_WORK REQUEST_
Copy nothing but the lines below, from the one with "Green Woven Tissue Silk Sarees" through the one with "Connecticut Clearinghouse Membership", exactly as written; no pictures should appear.

_DATA EXTRACT_
● ● ● ● ● ● ●

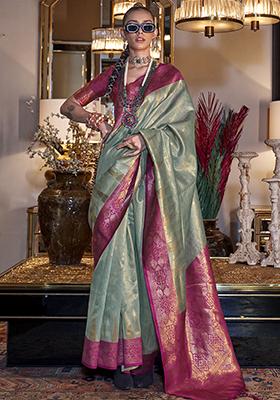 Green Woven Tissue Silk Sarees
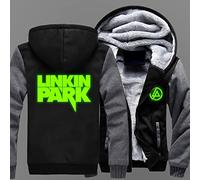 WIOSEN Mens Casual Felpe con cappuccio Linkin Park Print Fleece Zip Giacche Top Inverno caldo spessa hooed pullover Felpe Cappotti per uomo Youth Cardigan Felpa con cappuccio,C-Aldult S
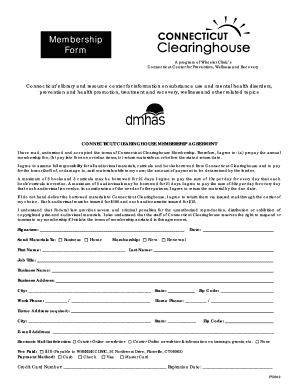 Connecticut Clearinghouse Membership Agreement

● ● ● ● ● ● ●

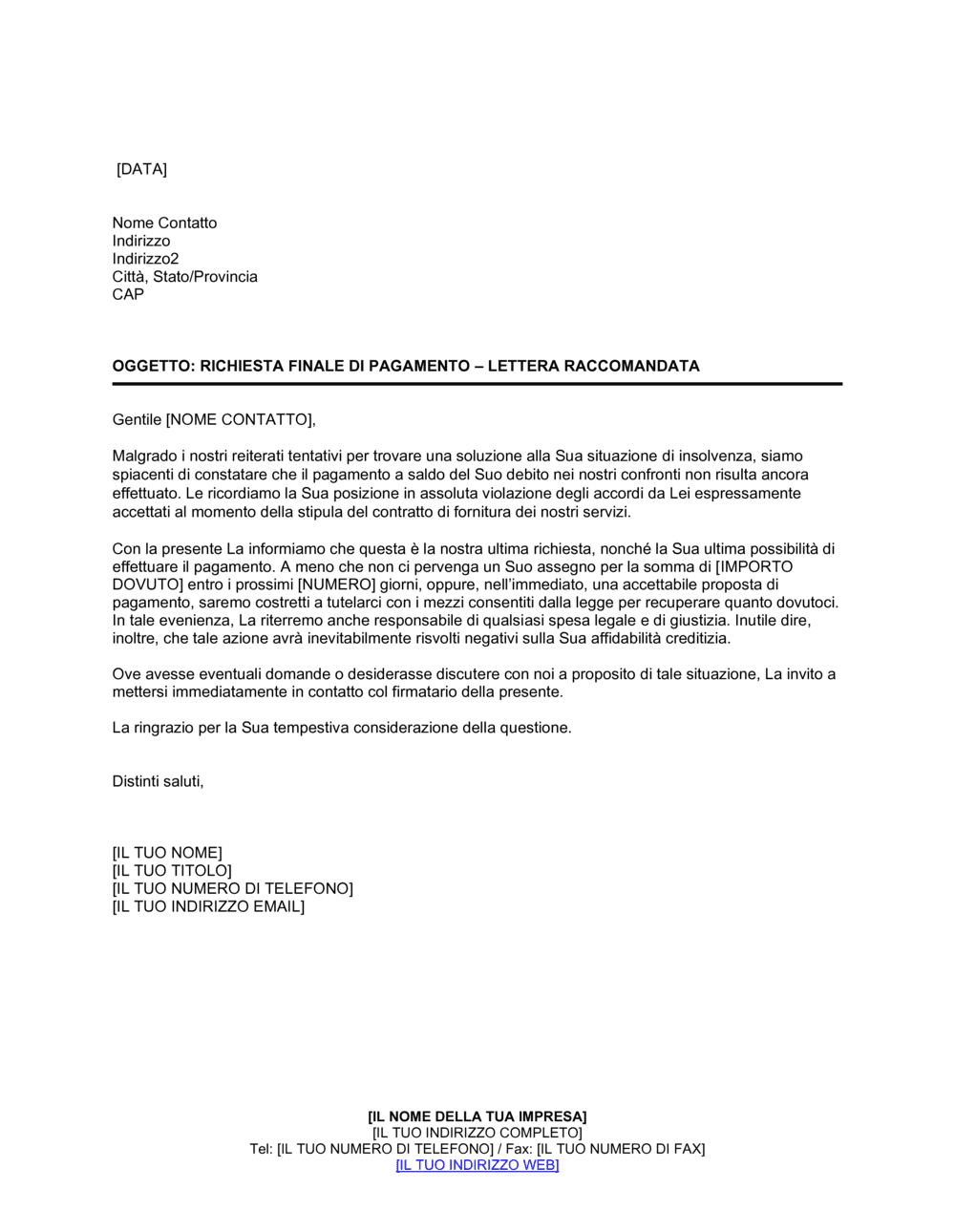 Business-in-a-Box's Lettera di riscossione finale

● ● ● ● ● ● ●

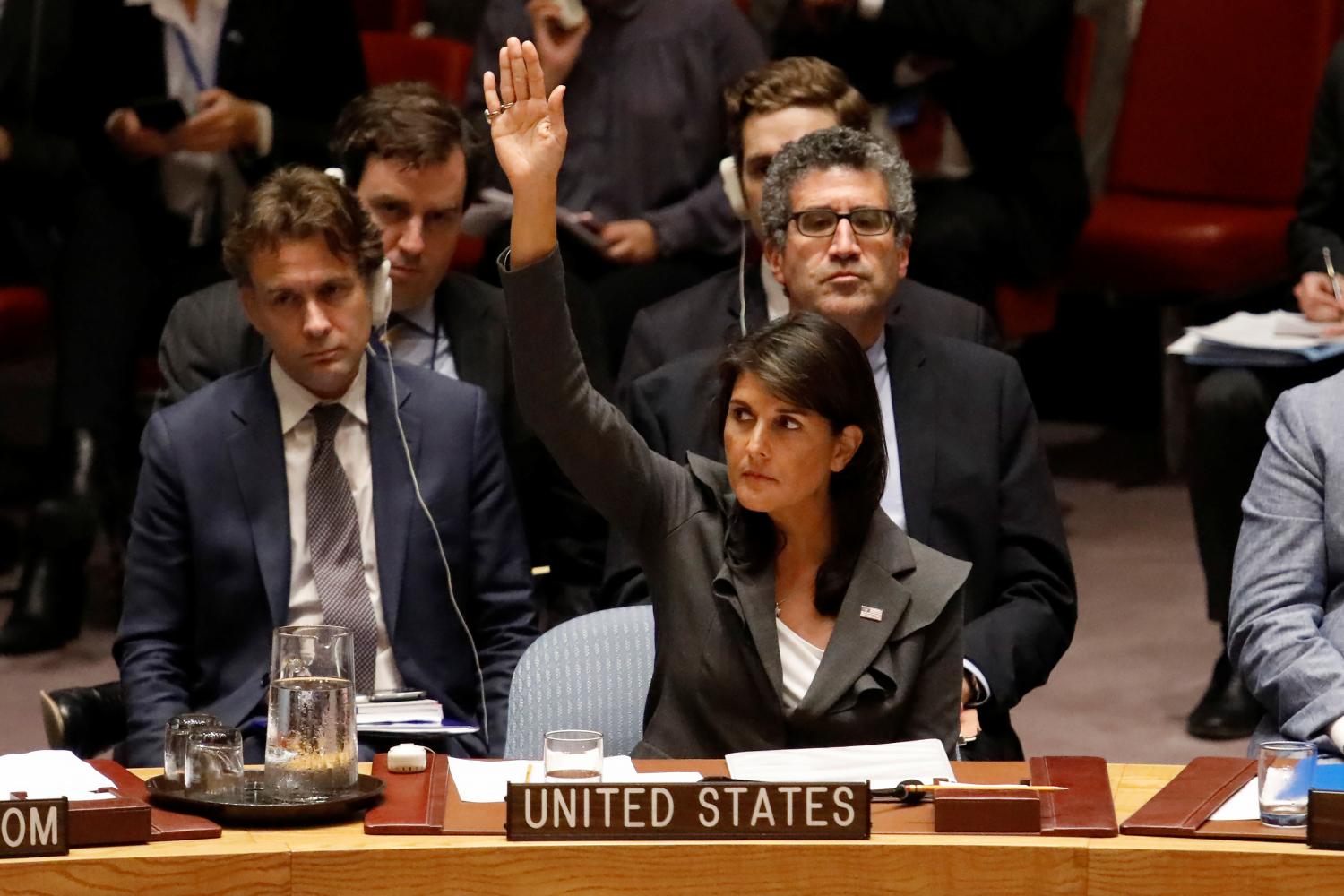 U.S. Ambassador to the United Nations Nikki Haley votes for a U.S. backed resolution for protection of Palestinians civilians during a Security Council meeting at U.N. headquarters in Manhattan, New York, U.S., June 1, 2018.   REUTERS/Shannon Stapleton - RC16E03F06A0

● ● ● ● ● ● ●

_FINISHED TASK_
 Green Woven Tissue Silk Sarees
 WIOSEN Mens Casual Felpe con cappuccio Linkin Park Print Fleece Zip Giacche Top Inverno caldo spessa hooed pullover Felpe Cappotti per uomo Youth Cardigan Felpa con cappuccio,C-Aldult S
 Connecticut Clearinghouse Membership Agreement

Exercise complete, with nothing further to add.